§ **SUPPLIED DATA**:
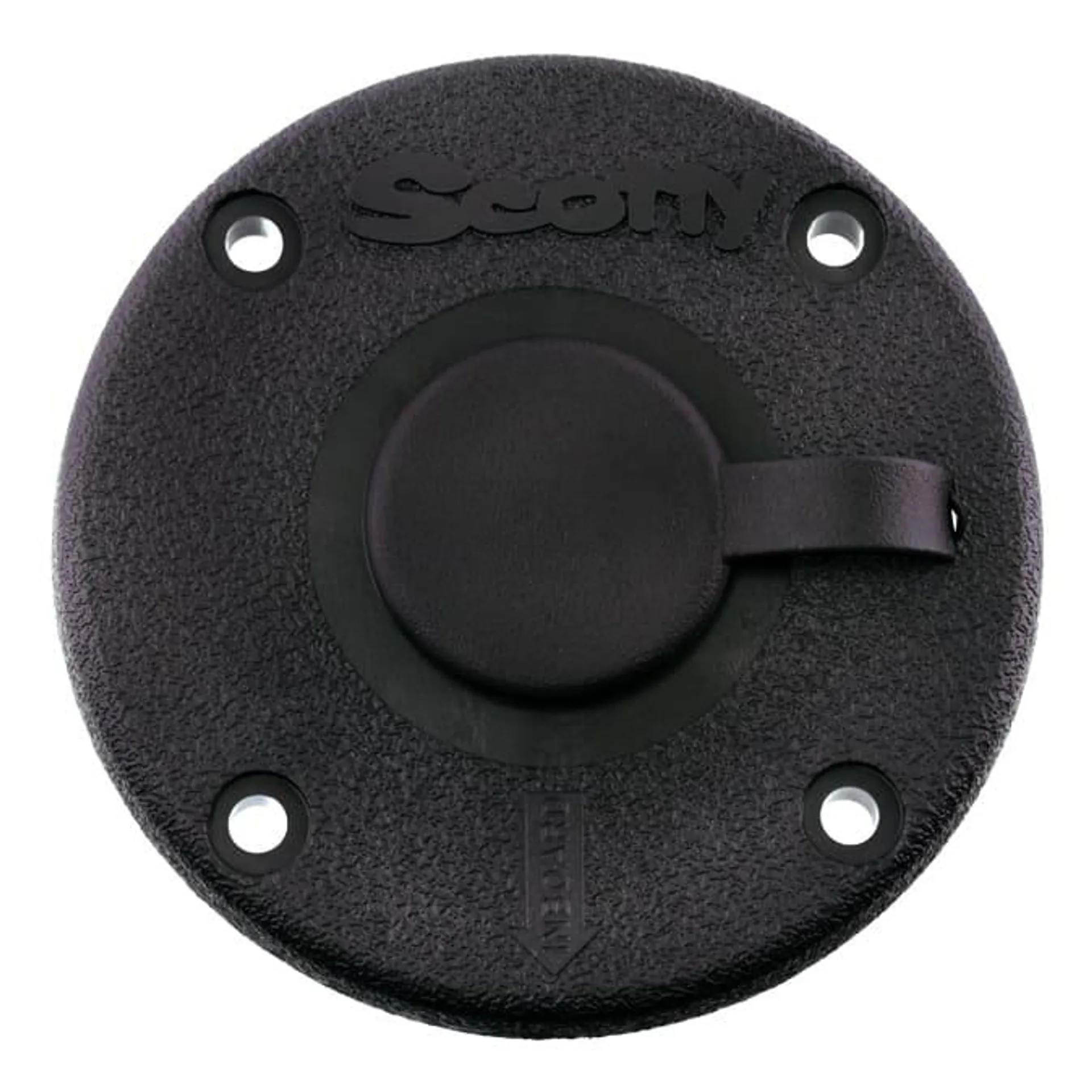 Scotty® Round Flush Deck Mount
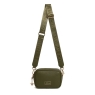 Alice Wheeler Olive Mini Soho Cross Body Bag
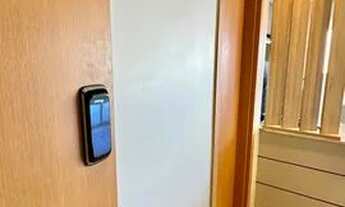 Imagem 3: Aluguel Apartamento de alto padrão com 115m2 e 3 suítes climatizado armários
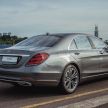 Mercedes-Benz S560e kini tiba di M’sia – 3.0L V6 plug-in hybrid, 469 hp/700 Nm, harga anggaran RM659k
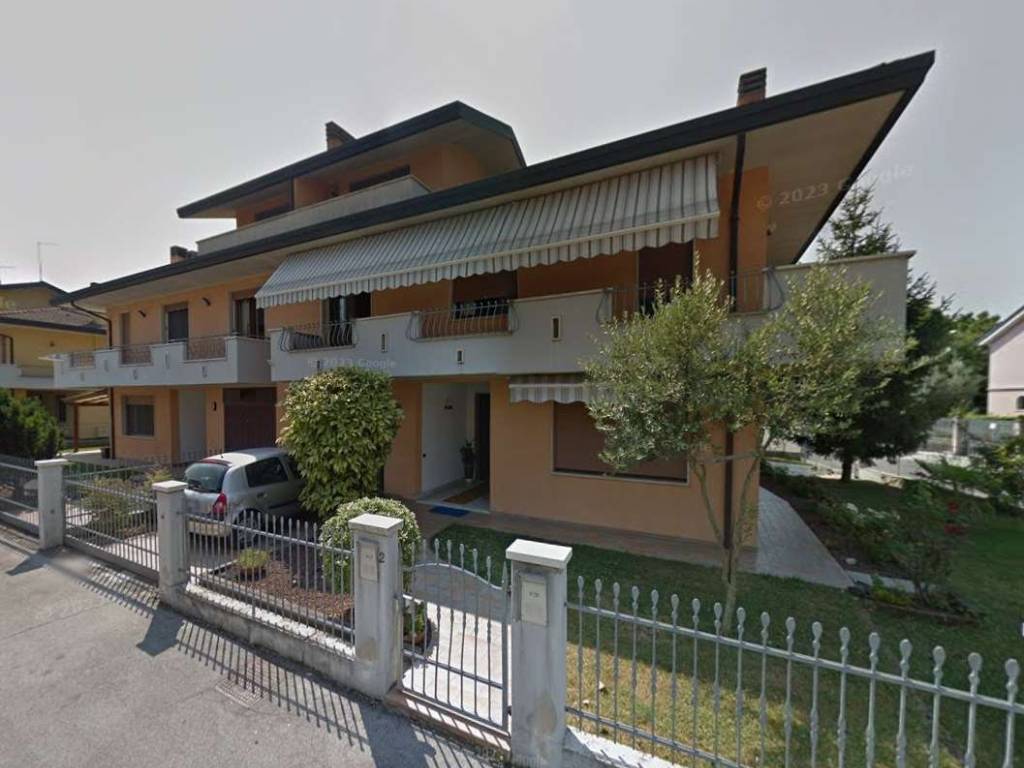appartamento in vendita a Mestrino in zona Arlesega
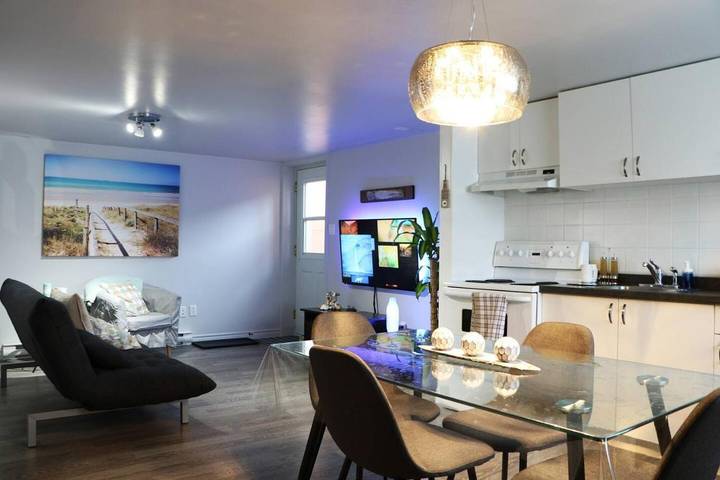 Apartamento de vacaciones para 5 personas, con terraza - 1
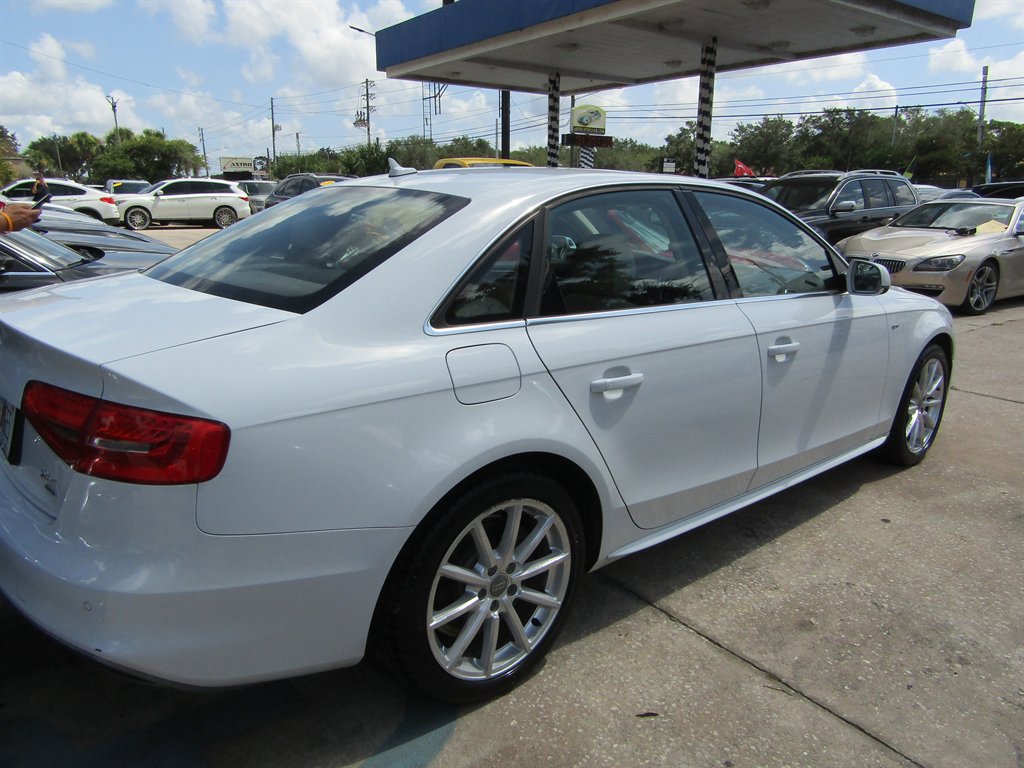 2015 Audi A4 - $5,999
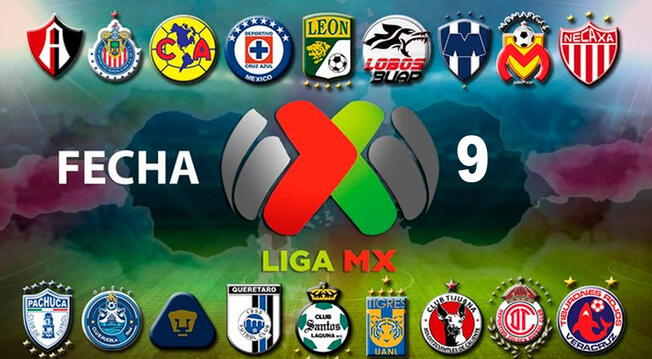 Liga MX: Programación EN VIVO fecha y hora de la Jornada 9 del Torneo Apertura 2018 | Televisa | Tv Azteca | Fox Sports | ESPN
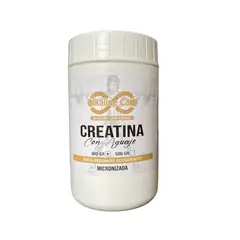 ALKALINE CARE - Creatina Micronizada con Aguaje Orgánico 300gr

§ **TASK STATEMENT**:
The listing above should be transcribed word for word, with its pictures left out.

§ **YOUR SOLUTION**:
 Scotty® Round Flush Deck Mount
 Alice Wheeler Olive Mini Soho Cross Body Bag
 Imagem 3: Aluguel Apartamento de alto padrão com 115m2 e 3 suítes climatizado armários
 Mercedes-Benz S560e kini tiba di M’sia – 3.0L V6 plug-in hybrid, 469 hp/700 Nm, harga anggaran RM659k
appartamento in vendita a Mestrino in zona Arlesega
 Apartamento de vacaciones para 5 personas, con terraza - 1
 2015 Audi A4 - $5,999
 Liga MX: Programación EN VIVO fecha y hora de la Jornada 9 del Torneo Apertura 2018 | Televisa | Tv Azteca | Fox Sports | ESPN
 ALKALINE CARE - Creatina Micronizada con Aguaje Orgánico 300gr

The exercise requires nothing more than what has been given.